«Compito per domani»: sulle deportazioni dei Bessarabi in Siberia. Dialogo con Nicolae Dabija

Presidente dell'organizzazione unionista Consiglio della Nazione 2, fondatore del Forum Democratico dei Romeni in Moldavia, membro ad honorem dell'Accademia Romena, Moldava ed Europea; scrittore, poeta, storico e giornalista – Nicolae Dabija è stato a Torino a novembre del 2018 per presentare l'edizione italiana del libro Compito per domani (ed. Graphe.it, Perugia, 2018, traduzione di Olga Irimciuc) e per partecipare al festival culturale «Armonie autunnali» organizzato dalla comunità romena e moldava risiedente nel capoluogo piemontese. Questa intervista è stata realizzata da Irina Niculescu, con l'immagine di Mihai Bursuc.

Professor Dabija, lei è venuto a Torino per promuovere il romanzo ormai di fama mondiale Compito per domani, scritto nel 2007. Ma lei è già stato in Italia con altre sue opere per partecipare al Festival di Poesia di Trieste, nel 2014, ricevendo il «Grande Premio», e nel 2015 al Centro Mondiale della Poesia di Recanati dove è stato insignito del Premio Giacomo Leopardi.

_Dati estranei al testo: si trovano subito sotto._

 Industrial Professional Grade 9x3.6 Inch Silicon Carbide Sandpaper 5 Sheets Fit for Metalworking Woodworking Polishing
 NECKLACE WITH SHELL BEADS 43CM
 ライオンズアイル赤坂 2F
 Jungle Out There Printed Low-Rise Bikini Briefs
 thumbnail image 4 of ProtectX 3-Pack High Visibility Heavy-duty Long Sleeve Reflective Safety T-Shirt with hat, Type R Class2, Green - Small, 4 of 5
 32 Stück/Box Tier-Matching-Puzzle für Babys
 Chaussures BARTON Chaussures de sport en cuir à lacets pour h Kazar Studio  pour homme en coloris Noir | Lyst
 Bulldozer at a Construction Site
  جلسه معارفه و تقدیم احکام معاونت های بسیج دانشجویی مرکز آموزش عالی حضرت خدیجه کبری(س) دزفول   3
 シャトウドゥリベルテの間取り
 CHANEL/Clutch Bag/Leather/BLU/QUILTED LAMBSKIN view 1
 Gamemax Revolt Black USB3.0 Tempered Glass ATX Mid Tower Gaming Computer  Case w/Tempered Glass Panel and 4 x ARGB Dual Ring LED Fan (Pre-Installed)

Ho ricevuto anche il premio per la poesia «Umberto Mastroianni» a Fontana Liri, sempre nel 2015. Vorrei raccontare una cosa di cui si sa poco: una mia poesia è scolpita a Cervara, a Roma, nella piazza centrale della città, insieme a quelle di Petrarca, di Umberto Saba e di altri grandi poeti. E credo che l'Italia sia molto vicina a noi e alla nostra cultura. L’evento culturale che si è tenuto a Torino io lo paragonerei a un ponte di Apollodoro di altre dimensioni, un ponte culturale che si va costruendo oggi. E pensavo anche al libro scritto da te e Marian Mocanu, Come Fratelli, che è un ponte culturale che unisce romeni e italiani. Ci ho letto interviste importanti e credo che il volume dovrebbe essere tradotto anche in romeno. La cosa importante è che noi dobbiamo riconoscere le dimensioni delle culture romena e italiana e dobbiamo convincerci sempre di più che l'Europa culturale non ha frontiere. Da noi si dice che la politica divide, però la cultura unisce. Mi sono convinto questi giorni a Torino che esistono ponti culturali che resistono al tempo. Per esempio, ho trovato il bassorilievo di Mihai Eminescu a Recanati, nel palazzo di Giacomo Leopardi. Così come ho trovato Dante a Chișinău. Noi abbiamo il liceo Dante dove si studia l’italiano. Così come ho trovato Pirandello nei teatri di Chișinău. Oppure Boccaccio! Ecco, queste personalità culturali ci avvicinano e ribadisco che siamo una famiglia culturale e il vostro libro è un mattone di questo ponte di Apollodoro culturale contemporaneo.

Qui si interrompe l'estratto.